Одно за другим Винсент посылал брату письма, дышащие лихорадочной увлеченностью.

«Я с такой охотой пишу картины, что мне трудно делать что либо другое», — признавался он Ван Раппарду. «В живописи заключена частица бесконечного, — писал он Тео. — Только это не так просто объяснить…» — добавлял он, чуть ли не теряя от восторга дар речи.

Как то раз в лесу он писал клочок земли, вскопанный лопатой; разразился ливень, но Винсент оставался на своем посту. Когда гроза кончилась, он опустился на колени и долго разглядывал грязную мокрую землю, силясь постичь «великолепный темный тон, который лесная почва приняла после дождя».

Но даже в экстазе Винсент всегда подмечал свои слабости. Каждый мазок вызывал у него тьму вопросов, которые он неотступно, неистово силился разрешить. О буковой роще, в которой он работал, Винсент говорил: «Надо так написать ее, чтобы в ней можно было дышать и прогуливаться и чтобы она была напоена запахами». Однако техника его еще слишком слаба, овладеть ей ему не удается. Почерк его остается избитым, лишенным подлинной оригинальности, однако уже угадывается истинная страсть. У Винсента были все основания удивляться, как это Герард Бильдерс, чьи «Письма» и «Дневник» он только что прочитал, мог сетовать на «чудовищную скуку, которую испытывал при создании картин. „Схватка с природой“ не оставляла Винсенту ни минуты отдыха. Он писал быстро, энергичными мазками, единым духом, чтобы не упустить переменчивых световых эффектов.

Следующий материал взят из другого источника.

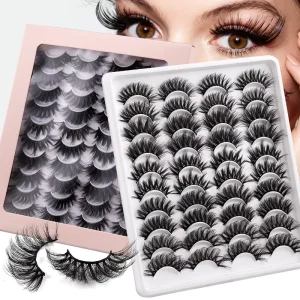 Velvet Matte Black Eyelash Extension Fans Lashes Extension Luxury Lash Premade Fans Russian Strip Eyelashes d Curl
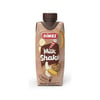 Dimes 310 Ml Milk Shake Muz Kurabiye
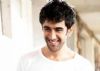 Never looked down on TV: Amit Sadh
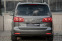 Обява за продажба на VW Touran HIGHLINE/DSG/PANO/FULL ~17 499 лв. - изображение 4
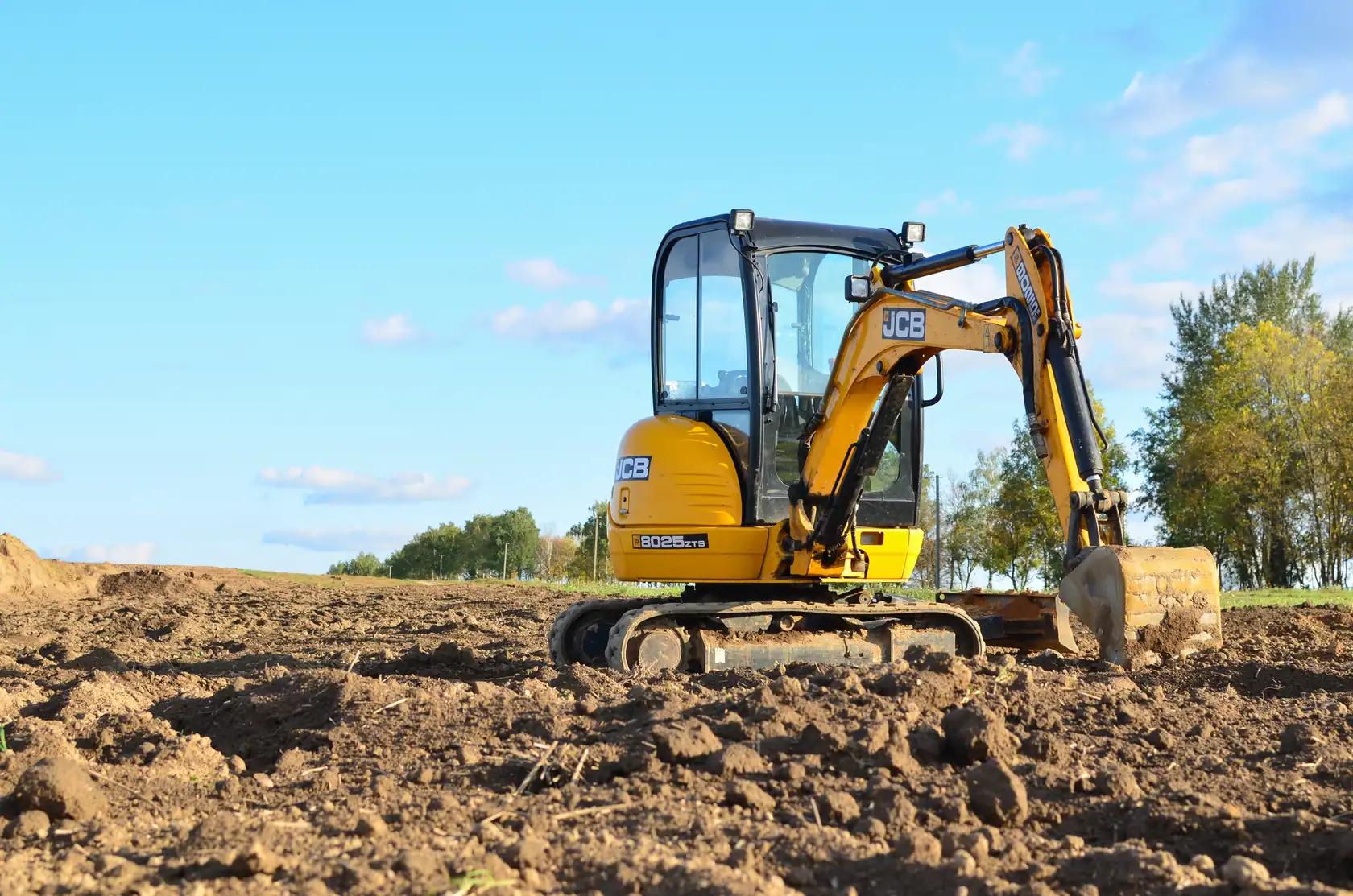 Civil Engineering by SN Enterprises Ltd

«В некотором смысле я рад, что не учился  писать маслом. Может быть, тогда я научился  бы оставлять без внимания подобные эффекты, а теперь я говорю: нет, именно они мне и нужны. Если это невозможно, значит, это невозможно, но я попытаюсь добиться своего, хоть и не знаю, как к этому подступиться. Я и сам не могу сказать, как я пишу картину. Когда я вижу нечто поражающее мое воображение, я усаживаюсь у белого холста, разглядываю то, что находится у меня перед глазами, и говорю себе: из этого белого холста ты должен что то создать. Возвращаюсь домой недовольный — отставляю холст в сторону и, немного отдохнув, разглядываю его с известной тревогой: я по прежнему не доволен — слишком живо стоит у меня перед глазами прекрасная природа, чтобы я мог быть доволен, и все же я вижу в своей картине отзвук того, что меня потрясло, вижу, что природа поделилась со мной какой то своей тайной, сказала мне свое слово, и я его застенографировал. В моей стенограмме могут встретиться слова, которые невозможно расшифровать — ошибки или пропуски, — и все же в ней сохранилось кое что из того, что поведали мне роща, морской берег или человеческая фигура, и передано это не каким либо стандартным или условным языком, идущим от заученных приемов или системы, а языком, порожденным самой природой».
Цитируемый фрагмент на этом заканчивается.